Barry Meier’s book, Missing Man, provides more than enough information to make sense of Mr. Levinson’s tragic trip to Kish, a freewheeling entrepôt where Americans may visit without visas and where Iranian security forces seized the American, imprisoned him, and taunted his family and former colleagues with pictures of him disheveled and wasting away. Mr. Meier, a New York Times reporter who has covered this story for years, limns a depressing picture of the amateurish, voracious intelligence appetites of some in the CIA ... Mr. Meier respectfully lays out Mr. Levinson’s culpability without damning him. Most of all, the journalist goes after the negligence of the CIA, which eventually paid Mrs. Levinson more than $2 million in compensation for what happened to her husband.
Meier is a prize-winning, thoughtful journalist who has followed this story closely and written about it extensively in the New York Times. Which is a good thing, because the cast of shadowy characters and cameo appearances makes the convoluted story tough to follow. Questionable players with questionable agendas create such a sordid tale that the only people you feel for are Levinson’s heartbroken family. While Meier knows the details intimately, the reader needs more signposts.
Missing Man is an artful piece of investigative reporting. There is not a wealth of original material, but Meier has finely choreographed Bob Levinson’s story, and brought it into the light from the shadow world where most US governmental agencies seem to have wish it had stayed. Meier’s style is brio and dash, always with a trail of crumbs, while handfuls of grit and episodes of hateful behavior are thrown in for texture.
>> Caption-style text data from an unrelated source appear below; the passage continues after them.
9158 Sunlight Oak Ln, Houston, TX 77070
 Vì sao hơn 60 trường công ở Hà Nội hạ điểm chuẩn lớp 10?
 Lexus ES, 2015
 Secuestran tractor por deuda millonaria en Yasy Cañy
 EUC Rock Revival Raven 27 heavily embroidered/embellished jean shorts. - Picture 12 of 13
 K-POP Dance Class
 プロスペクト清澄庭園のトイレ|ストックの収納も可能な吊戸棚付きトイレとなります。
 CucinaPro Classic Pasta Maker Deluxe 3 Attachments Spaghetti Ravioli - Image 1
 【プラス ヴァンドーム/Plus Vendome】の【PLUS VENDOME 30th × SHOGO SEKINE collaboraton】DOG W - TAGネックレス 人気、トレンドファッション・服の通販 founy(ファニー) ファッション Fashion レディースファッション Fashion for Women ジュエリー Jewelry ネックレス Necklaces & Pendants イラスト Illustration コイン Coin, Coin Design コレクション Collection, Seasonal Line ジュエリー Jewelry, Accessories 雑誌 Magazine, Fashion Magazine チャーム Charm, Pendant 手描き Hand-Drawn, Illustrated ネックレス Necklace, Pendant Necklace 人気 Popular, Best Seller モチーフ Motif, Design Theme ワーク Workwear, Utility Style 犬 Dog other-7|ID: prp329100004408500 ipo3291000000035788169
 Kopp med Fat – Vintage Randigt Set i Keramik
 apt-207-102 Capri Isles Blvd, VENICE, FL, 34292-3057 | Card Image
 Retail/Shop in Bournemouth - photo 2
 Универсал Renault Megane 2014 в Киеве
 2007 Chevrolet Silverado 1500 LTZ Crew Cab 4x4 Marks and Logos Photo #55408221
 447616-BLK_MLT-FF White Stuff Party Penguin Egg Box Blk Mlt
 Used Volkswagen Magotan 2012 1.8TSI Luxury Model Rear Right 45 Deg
...exposes the storied workings of global spycraft as run by a largely improvised, and oddly random, ensemble of bit players, striving to project some larger meaning onto what are, at bottom, all-too-mundane transactions ... Just how he disappeared is never made clear, but Missing Man leaves ample room for speculation. In fact, having read this fascinating, convoluted book, I can’t tell you much of anything with certainty about the case of Bob Levinson other than some preliminary details. Narratively, the book is strongest in its first third, in which Meier establishes Levinson as the hero of our story: a retired FBI agent bored with corporate investigations after a swashbuckling career building cases against the Mafia, South American drug cartels, and Russian organized crime ... [The] shaggy-dog litany of power players drives home still another peculiar point about Missing Man: For all the money and power at stake in this underworld of global resource-and-espionage intrigue, the story of the missing man is ultimately the story of absurd connections between the world’s elites and their minions.